--- What is being asked ---
Please repeat exactly the lines below from the line with "Camping Aux Rives" to the line with "Miami, FL 33179", including both, and leave out every picture.

--- Extracted information ---
- Opening Delimiter -

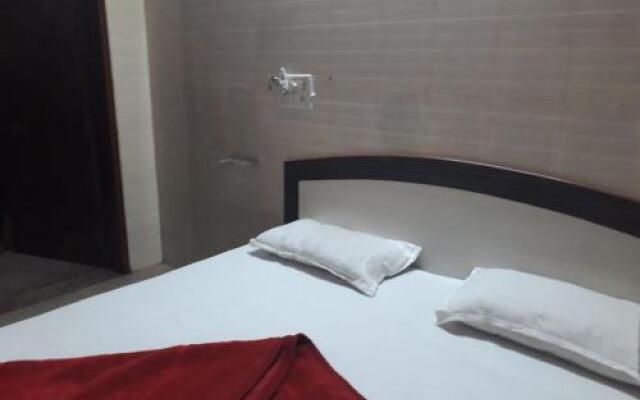 The Grand Deedar Hotel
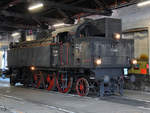 Die Dampflokomotive 77.244 stammt aus dem Jahr 1927 und ist im Heizhaus Lienz ausgestellt (August 2019)
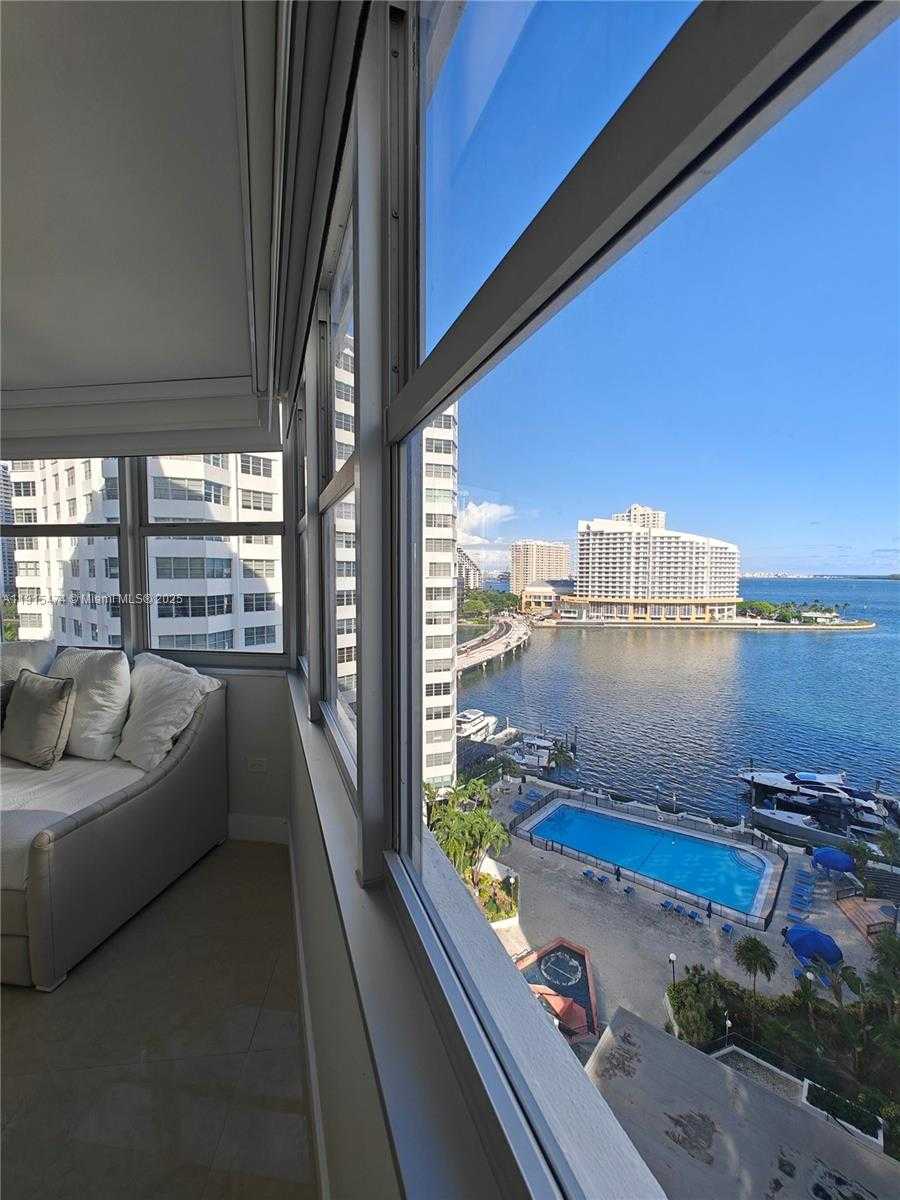 Small Image of 825 BRICKELL BAY DR #1242, Miami Number 21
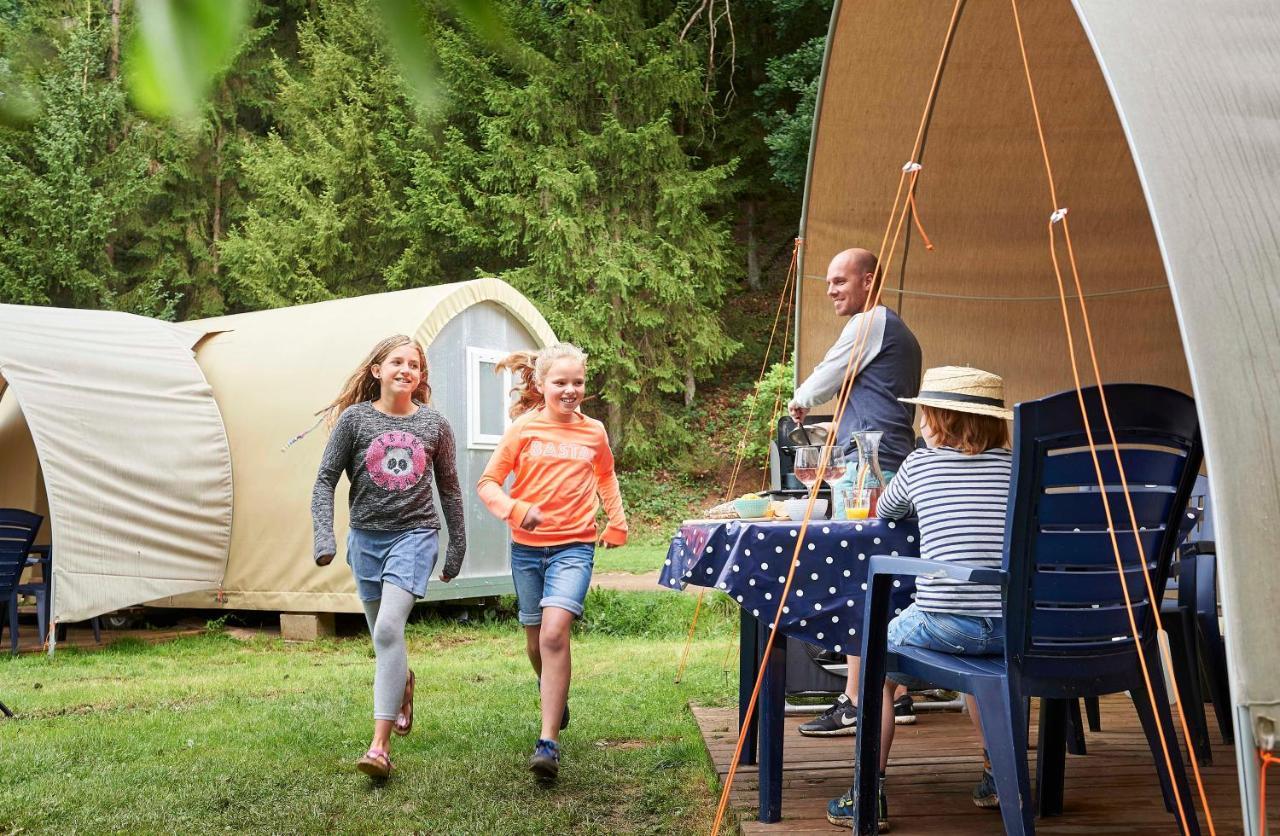 Camping Aux Rives Du Soleil Pont-de-Vaux Ngoại thất bức ảnh
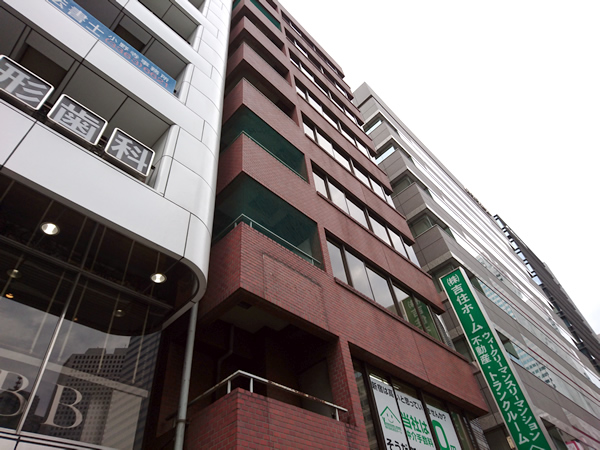 アクセス西新宿の外観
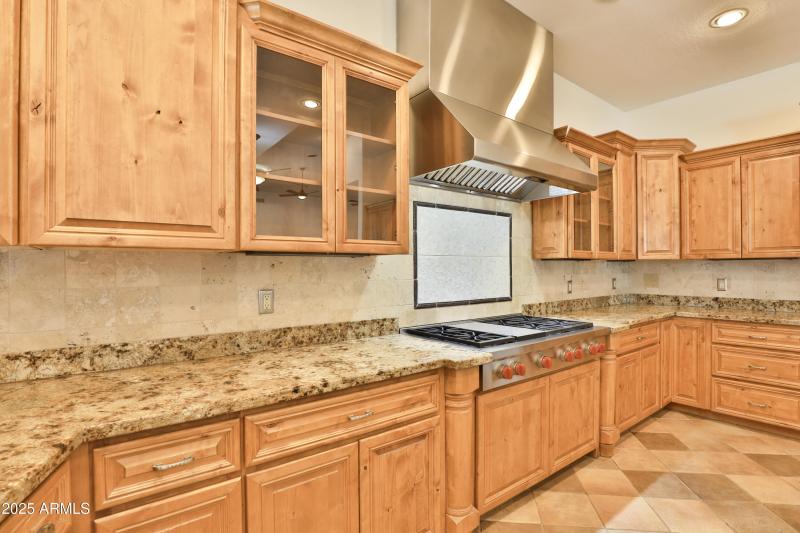 38309064_16-IMG_0086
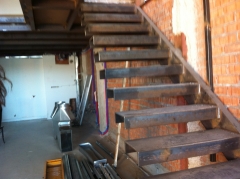 Escalera metalica acceso entreplanta loft de alcobendas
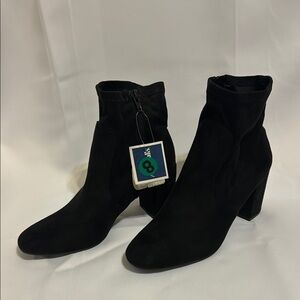 Mari K Women’s Black Velvet Ankle Boots Size 8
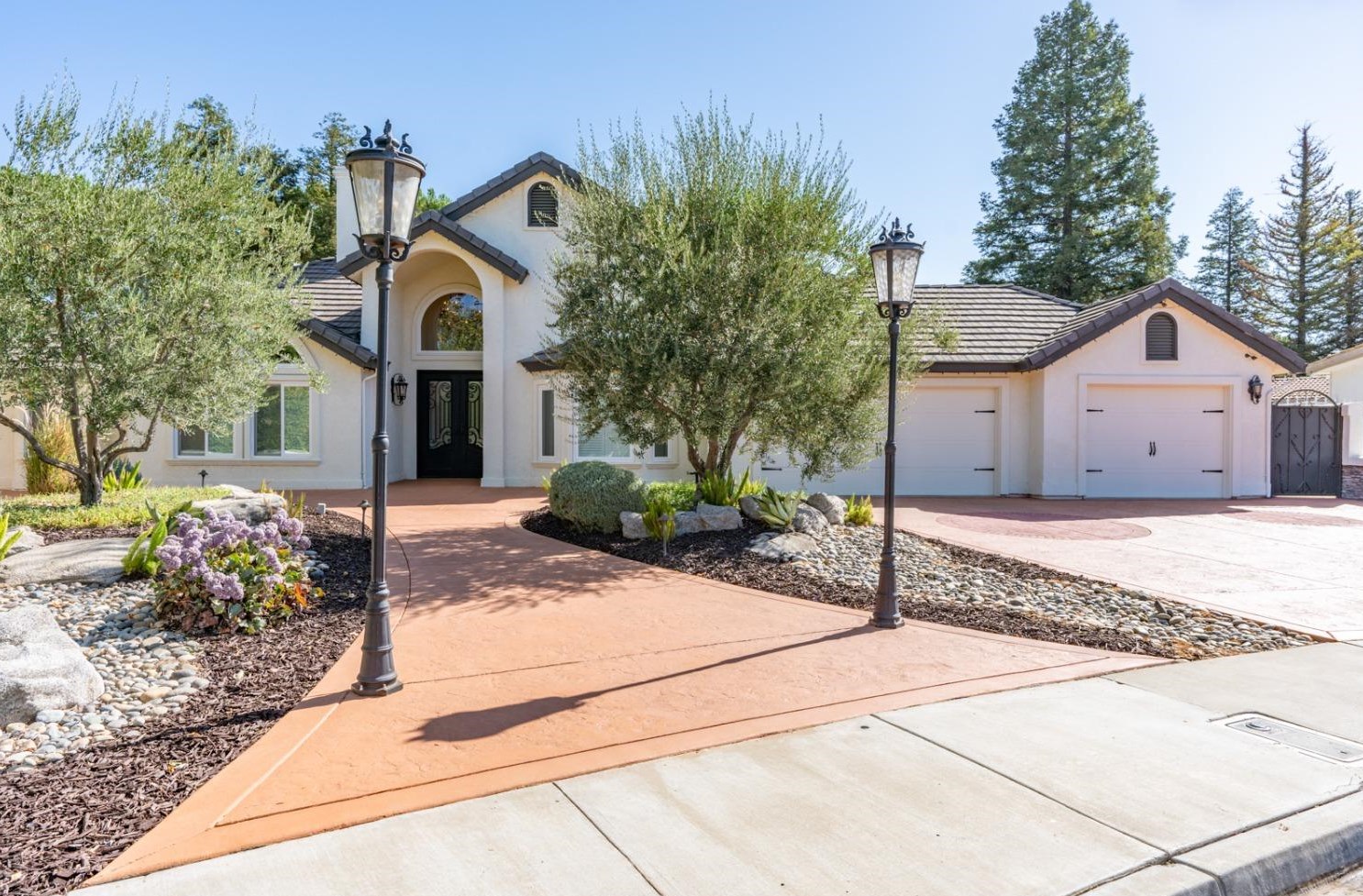 424 Crescent Dr, Los Banos, CA 93635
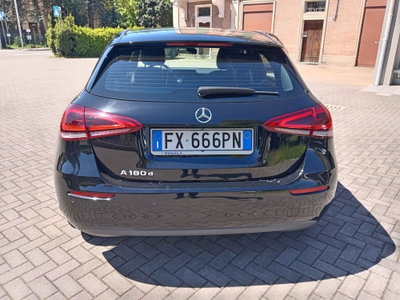 Mercedes-Benz Classe A 180 d Automatic Business (7)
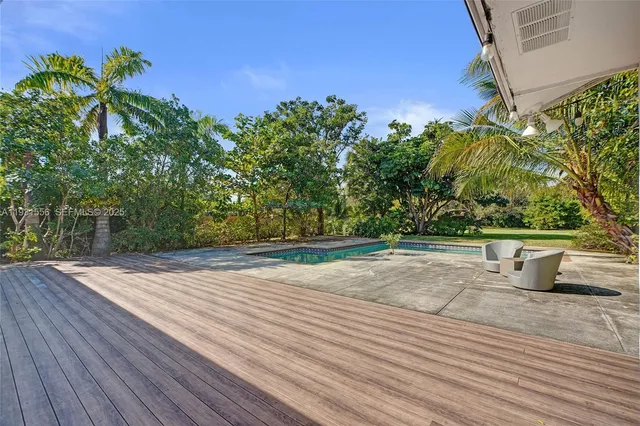 $2,090,000 | 21440 Highland Lakes Boulevard, Miami, FL 33179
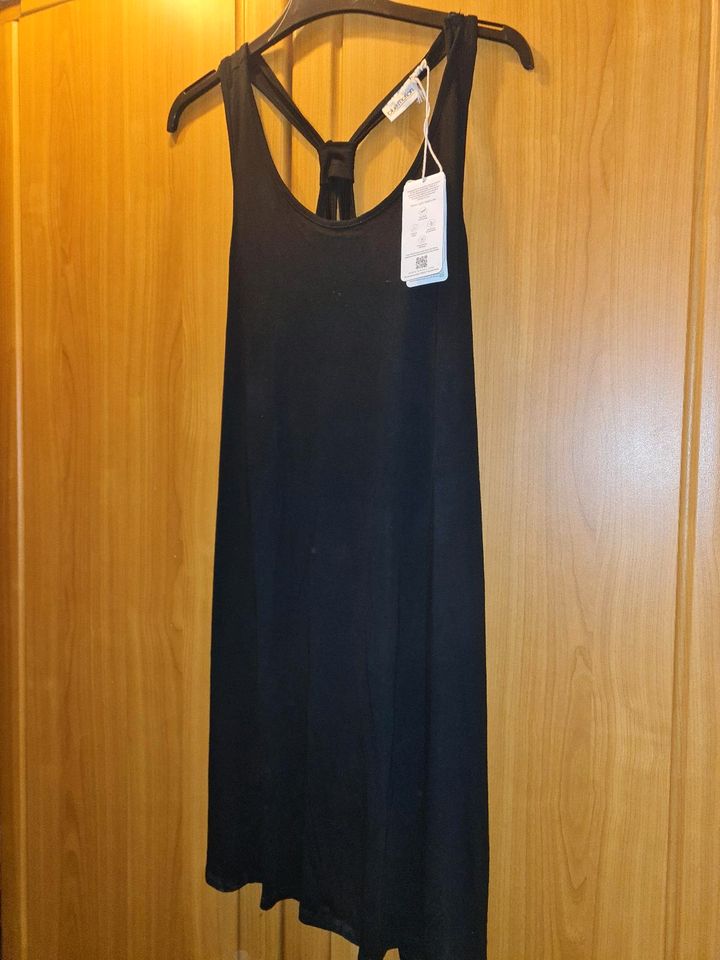 Kleid Sommer Gr S 36/38 ungetragen mit. Etikett in Zülpich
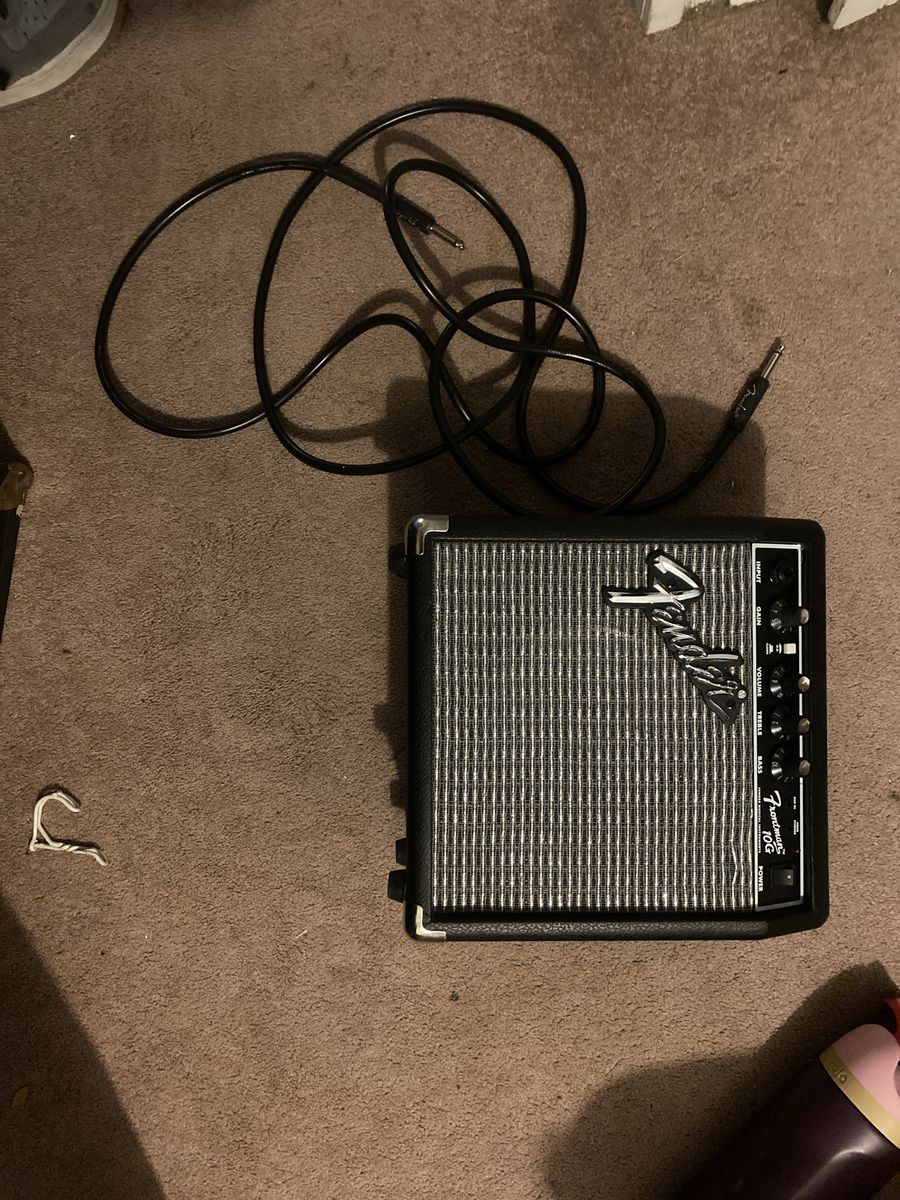 Squier Sonic Telecaster Electric Guitar with Fender Frontman 10G Amplifier & Cable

- Closing Delimiter -

--- Solved exercise ---
 Camping Aux Rives Du Soleil Pont-de-Vaux Ngoại thất bức ảnh
 アクセス西新宿の外観
 38309064_16-IMG_0086
 Escalera metalica acceso entreplanta loft de alcobendas
 Mari K Women’s Black Velvet Ankle Boots Size 8
 424 Crescent Dr, Los Banos, CA 93635
 Mercedes-Benz Classe A 180 d Automatic Business (7)
 $2,090,000 | 21440 Highland Lakes Boulevard, Miami, FL 33179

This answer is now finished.